館蔵資料の紹介 2009年
玉川大学教育博物館 > 館蔵資料の紹介 > 2009年 > 白磁花形花器
井上萬二作
口径41.5×高さ23.0cm
井上萬二氏寄贈資料
白磁は磁器の一種で、工芸史、また芸術的にも重要な制作技術である。カオリナイトを主成分とするカオリンに長石、珪石(けいせき)を混ぜて白色の素地をつくり、これに透明釉を掛け、高火度で焼成する。
写真の作品は、口縁が5弁の花形状になり、縁のふくらみは下部へ斜めに流れるようにおさまっている。この形体は、最初に土を轆轤(ろくろ)で丸く形を挽き、生乾きの状態の時に、くびれの部分を指やヘラを使ってつくられたものである。

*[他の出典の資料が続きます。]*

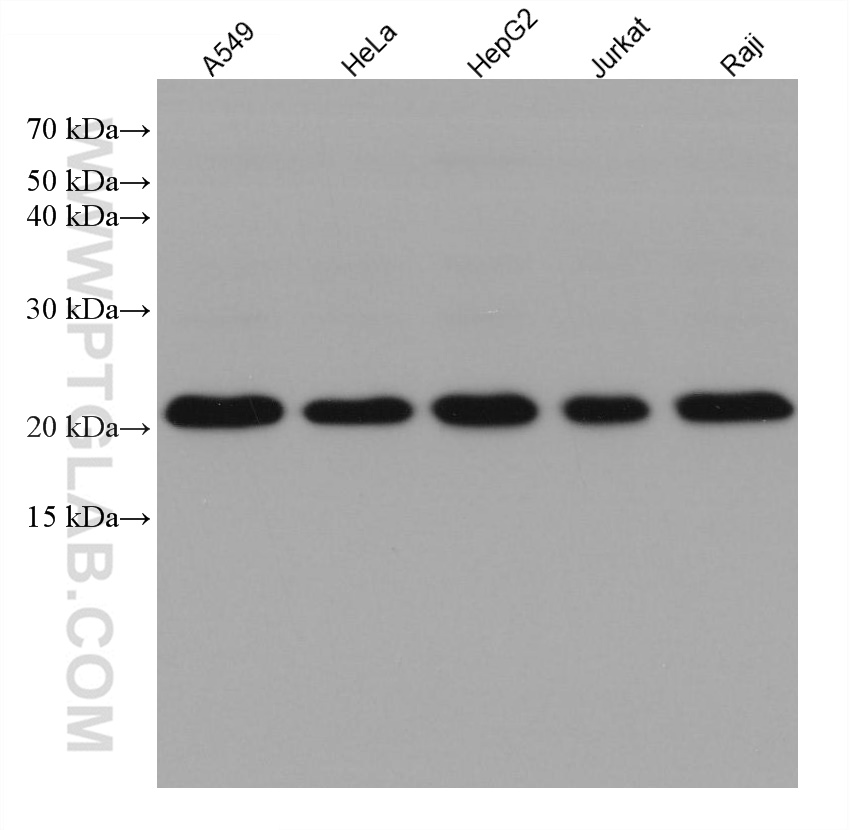 TMED10 Monoclonal antibody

作者井上萬二氏は、1929年佐賀県西松浦郡有田町に生まれ、12代酒井田柿右衛門、奥川忠右衛門などに師事して、白磁制作法を学んだ。その後も磁器の成形や釉薬の研究に努め、白磁制作技法を極めていった。作品は一水会や日本伝統工芸展を中心に、多くの国内外の展覧会で発表され、さまざまな賞を受けている。1995年には、重要無形文化財(人間国宝)「白磁」保持者に認定された。伝統的な白磁制作技法の保持と後進の指導に尽力し、海外からも高い評価を得ている。